PUMLUMON, pronounced “Pimlimmon” – is the highest summit in the Cambrian Mountains of Mid-Wales and dominates the countryside of north Ceredigion. Three rivers, the Severn, the Rheidol and the Wye, descend from these mountains through dramatic and varied scenery to the coast at Aberystwyth, while a fourth, the Teifi, heads south towards Cardigan (Aberteifi).
The wild summits, rolling foothills, and deep valleys of the Pumlumon massif have for centuries acted as a formidable barrier, making this one of the least-known parts of Wales. Today, the remote, peaceful atmosphere and lack of urban centres and development are among the area’s greatest assets.
In the Middle Ages, the Cistercian abbey of Strata Florida (in Welsh, Ystrad Fflur, or plain of flowers) controlled the economy of this hill country. The abbey owned extensive tracts of land, mainly managed for profitable sheep-farming, and also exploited the rivers and lakes for fishing and the area’s mineral resources. The monks built a good network of roads, including reputedly the first bridge at Devil’s Bridge (or Pontarfynach = bridge over the monks’ river), which brought pilgrims to the abbey itself and traders from far afield to the lucrative fairs held four times a year at Ffair-rhos.

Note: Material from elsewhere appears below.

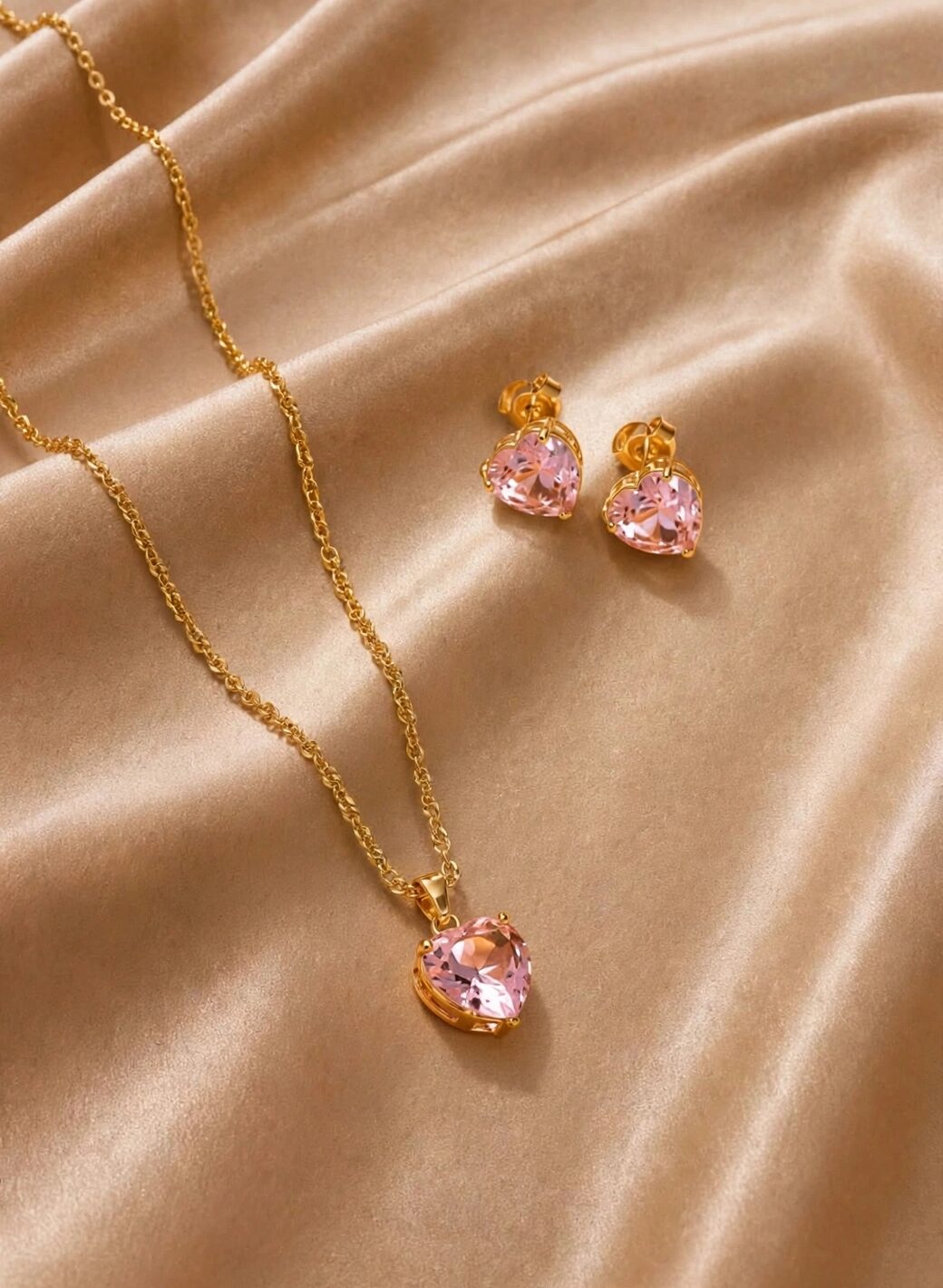CONJUNTO CORAÇÃO BRILHANTE ROSA BANHADO A OURO 18K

When the monasteries were broken up by Henry VIII, the Pumlumon area became a marginal land of subsistence hill farms and absentee landlords, where few outsiders visited and little changed for 250 years. Then, in the late 1700s, it was “rediscovered” by the outside world. The fashion for making “Picturesque” tours brought the leisured classes to the upland parts of Britain, there to wonder at, describe, and sketch the mountains, waterfalls, rural scenes, and ancient ruins.
Wales, having its own language and distinctive culture and heritage, seemed to these early tourists an exotic foreign land, and nowhere more so than among the hills of Cardiganshire (now Ceredigion). Despite the language barrier, many visitors remarked on the friendliness of the local people, and the absence of the rigid class divisions that existed in England. Devil’s Bridge, with its magnificent cascades and ravines, was a major attraction and became the first purpose-built tourist “resort” in Wales. Its popularity increased with the development of the nearly Hafod Estate as a model picturesque landscape. Artists, travel writers, and romantic poets celebrated the area in their works.
In sharp contrast, by the middle of the nineteenth century much of upland Ceredigion had become an industrial landscape. There had always been small-scale mining operations – in places, dating back to the Bronze Age – but from the 1830s lead mining became big business. New villages grew up, with numerous inns and a frontier character, reservoirs were constructed to provide water-power, and a railway was built from Devil’s Bridge to the coast. Miners migrated to the area from Cornwall, Yorkshire, and elsewhere: their names can be found on gravestones in country churchyards and some of their descendants are here still.
The last mine closed in the 1920s, and at around the same time forestry began to provide a significant source of employment. Today, the old mine buildings and tips have to large extent been absorbed back into the landscape, but they continue to provide a fascinating study for the industrial archaeologist.
Today, the Pumlumon area is a sum of all these historical layers in a wonderful natural setting. You can visit Devil’s Bridge and enjoy the walks down into the gorge, where the views of the falls have changed little since the first tourists arrived in the 18th century. The ruins of Strata Florida abbey are beautifully situated in a bowl in the midst of hills, with nearby the nature reserve of Cors Caron, an upland bog relic of the Ice Age.
The historic landscape at Hafod is being restored, and here you can follow scenic walks that lead you to cascades and crags, picturesque buildings and bridges, and splendid views of rivers, meadows, woods and mountains. At nearby Pwllpeiran and at a number of other sites in the area way-marked trails can be enjoyed, and there is an inexhaustible supply of public footpaths through hugely varied scenery.
You can get acquainted with the history of lead-mining in a hands-on way, including a trip underground, at the Silver Mountain Experience. The Vale of Rheidol narrow gauge steam railway, built for mineral and timber traffic in 1902, will convey you at a leisurely pace along the steep valley side, with stunning views. For those who prefer a more energetic means of transport, there are two excellent mountain-bike trails at Bwlch Nant yr Arian, with more planned for the area, and routes along quiet lanes for the more conventional cyclist.
Natural mountain lakes, old mine ponds, the reservoirs of the Rheidol hydro-electric scheme, along with rivers and streams, provide a wide choice of location for the angler and some of the best brown trout fishing in the country. With so many different habitats, the whole Pumlumon area is a paradise for bird-watchers, and even the untrained eye can quickly learn to spot our most special bird, the red kite. For close-up views, you can attend the daily kite-feeding session at Bwlch Nant yr Arian.